- About this task
Look through the data below for the line with "II. Seção S3S3" and the line with "Главнокомандующий", then transcribe exactly from the first through the second, leaving out all pictures.

- The input

──────────────────────────────

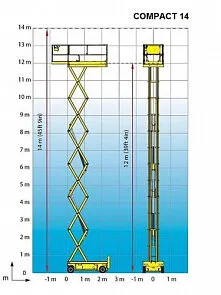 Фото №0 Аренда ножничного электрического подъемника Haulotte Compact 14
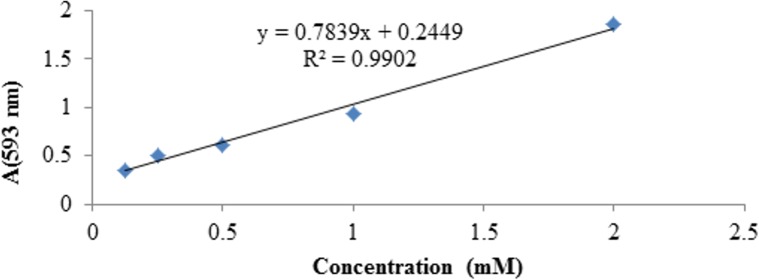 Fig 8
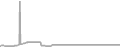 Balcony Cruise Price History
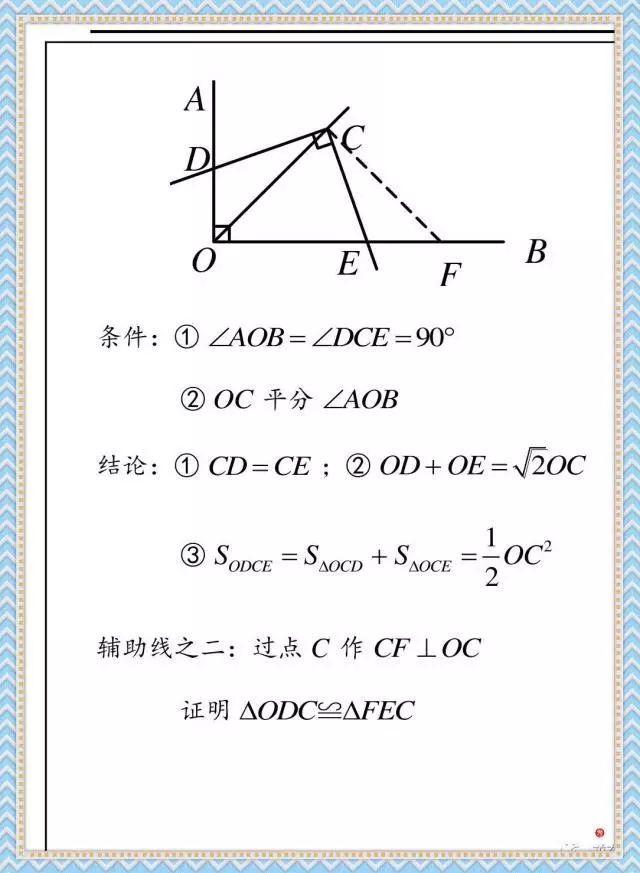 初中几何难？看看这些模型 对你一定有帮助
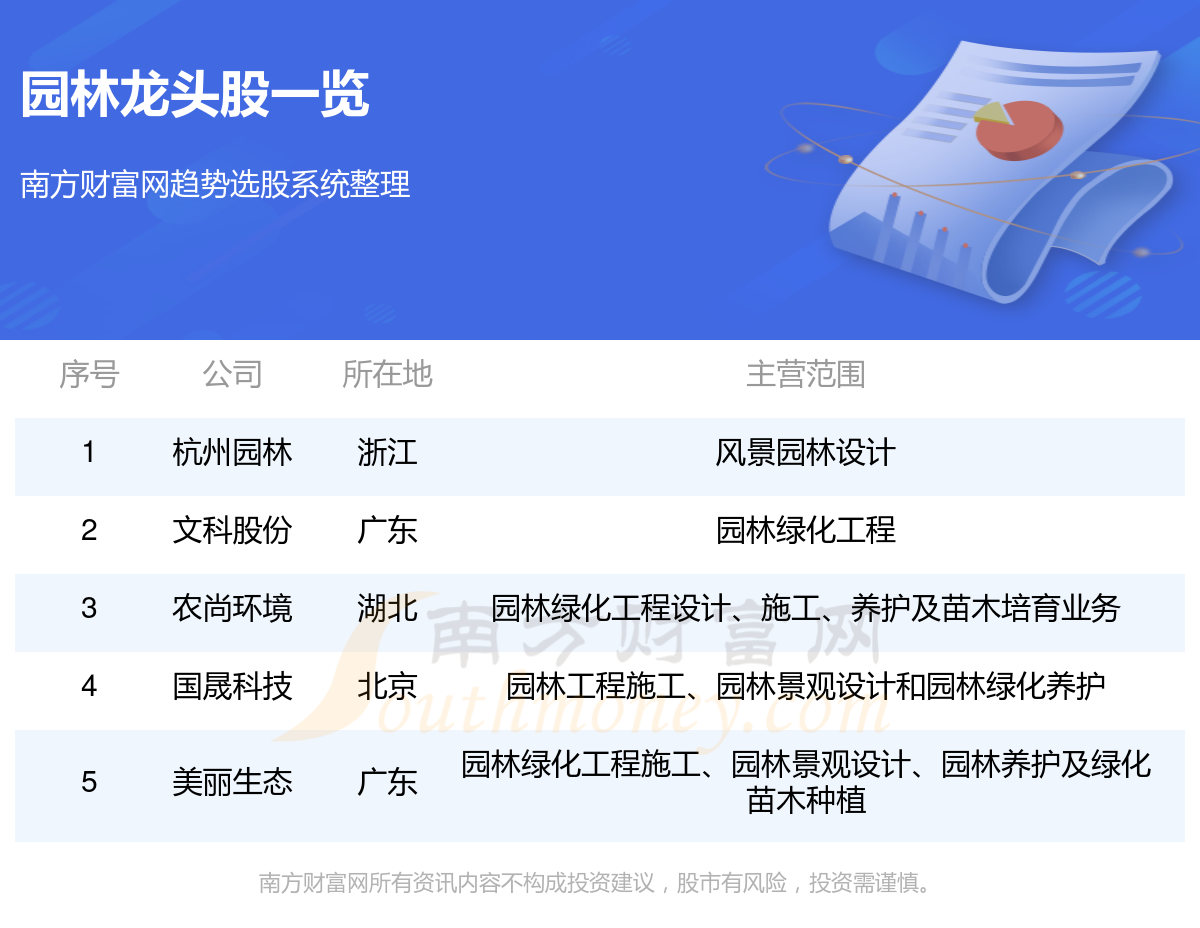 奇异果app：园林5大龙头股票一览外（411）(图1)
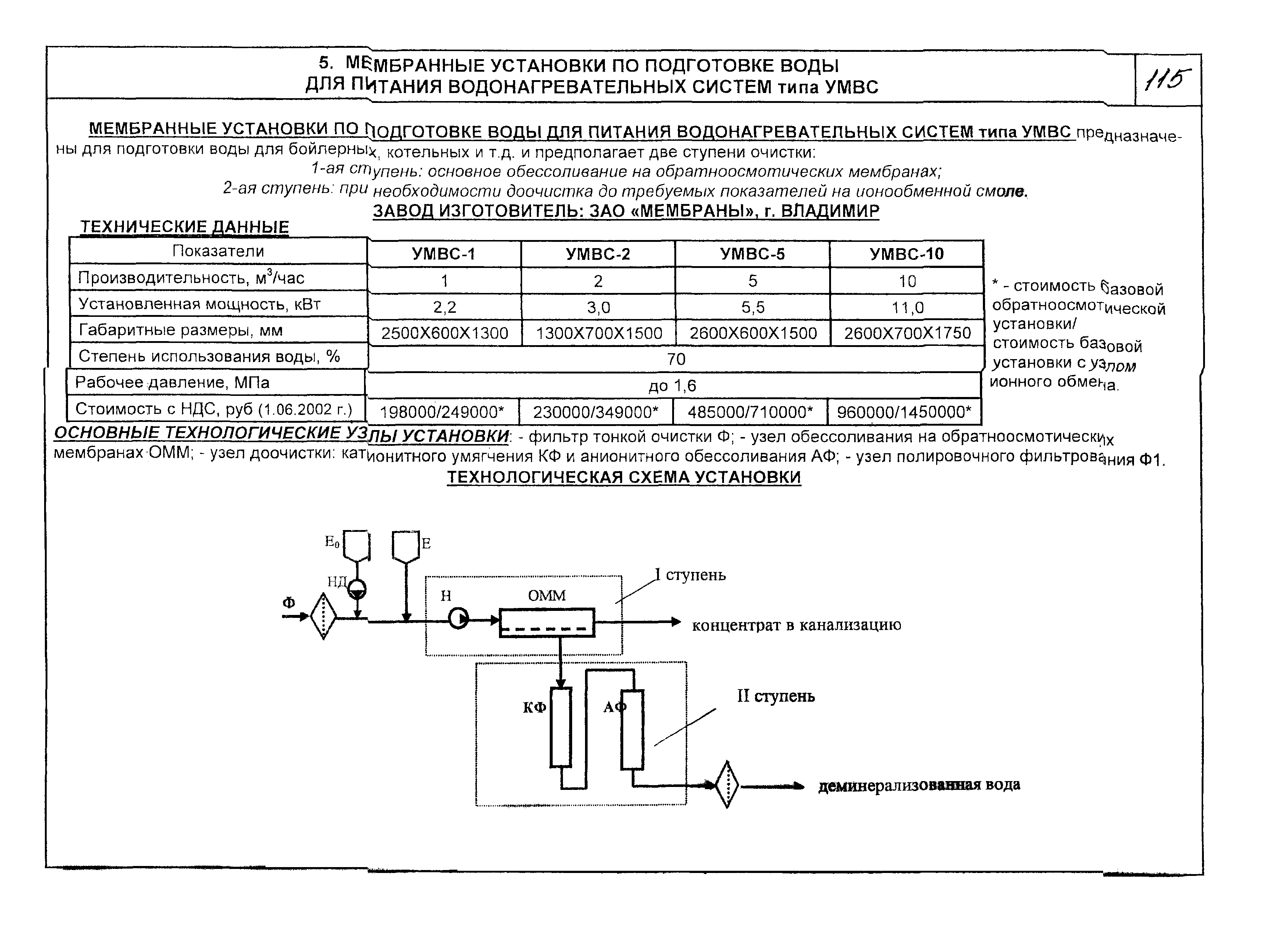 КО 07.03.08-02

──────────────────────────────

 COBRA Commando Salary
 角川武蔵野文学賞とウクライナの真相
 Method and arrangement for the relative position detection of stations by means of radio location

──────────────────────────────

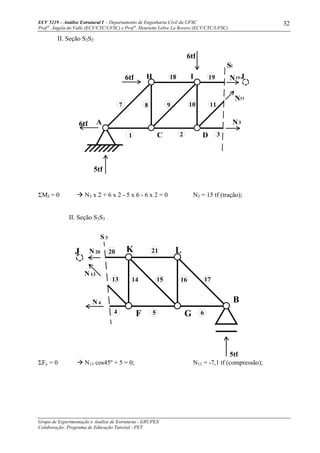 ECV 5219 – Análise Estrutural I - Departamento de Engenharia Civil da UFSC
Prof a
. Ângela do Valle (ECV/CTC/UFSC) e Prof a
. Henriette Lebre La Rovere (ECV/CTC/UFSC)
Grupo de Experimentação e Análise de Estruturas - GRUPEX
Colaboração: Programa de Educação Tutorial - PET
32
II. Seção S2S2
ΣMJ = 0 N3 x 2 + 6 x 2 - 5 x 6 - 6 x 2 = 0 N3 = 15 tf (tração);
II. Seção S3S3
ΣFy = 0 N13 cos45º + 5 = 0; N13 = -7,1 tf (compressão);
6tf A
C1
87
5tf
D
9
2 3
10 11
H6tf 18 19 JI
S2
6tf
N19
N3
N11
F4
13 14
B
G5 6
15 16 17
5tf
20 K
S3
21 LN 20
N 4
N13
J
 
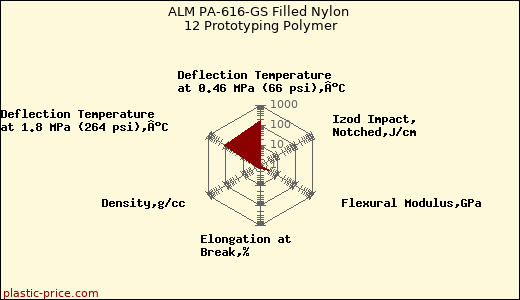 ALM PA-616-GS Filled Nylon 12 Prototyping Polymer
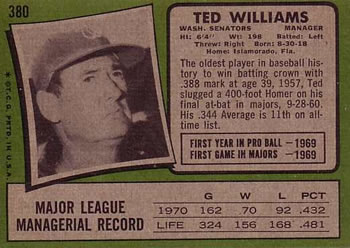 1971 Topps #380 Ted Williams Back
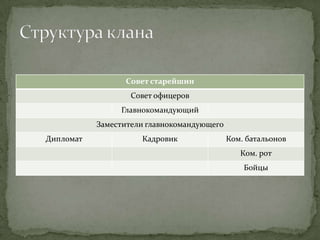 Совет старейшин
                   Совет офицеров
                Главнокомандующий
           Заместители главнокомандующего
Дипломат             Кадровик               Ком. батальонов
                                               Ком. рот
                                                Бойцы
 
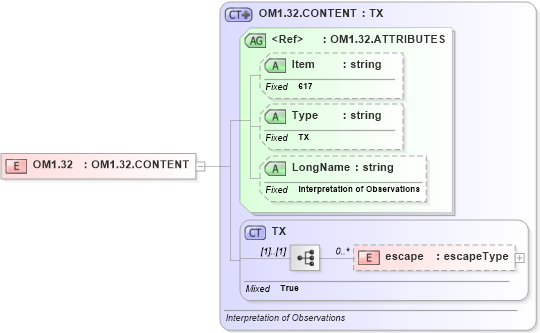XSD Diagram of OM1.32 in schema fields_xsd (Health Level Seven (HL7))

──────────────────────────────

- Solved exercise
II. Seção S3S3
ΣFy = 0 N13 cos45º + 5 = 0; N13 = -7,1 tf (compressão);
6tf A
C1
87
5tf
D
9
2 3
10 11
H6tf 18 19 JI
S2
6tf
N19
N3
N11
F4
13 14
B
G5 6
15 16 17
5tf
20 K
S3
21 LN 20
N 4
N13
J
 
 ALM PA-616-GS Filled Nylon 12 Prototyping Polymer
 1971 Topps #380 Ted Williams Back
 Совет старейшин
                   Совет офицеров
                Главнокомандующий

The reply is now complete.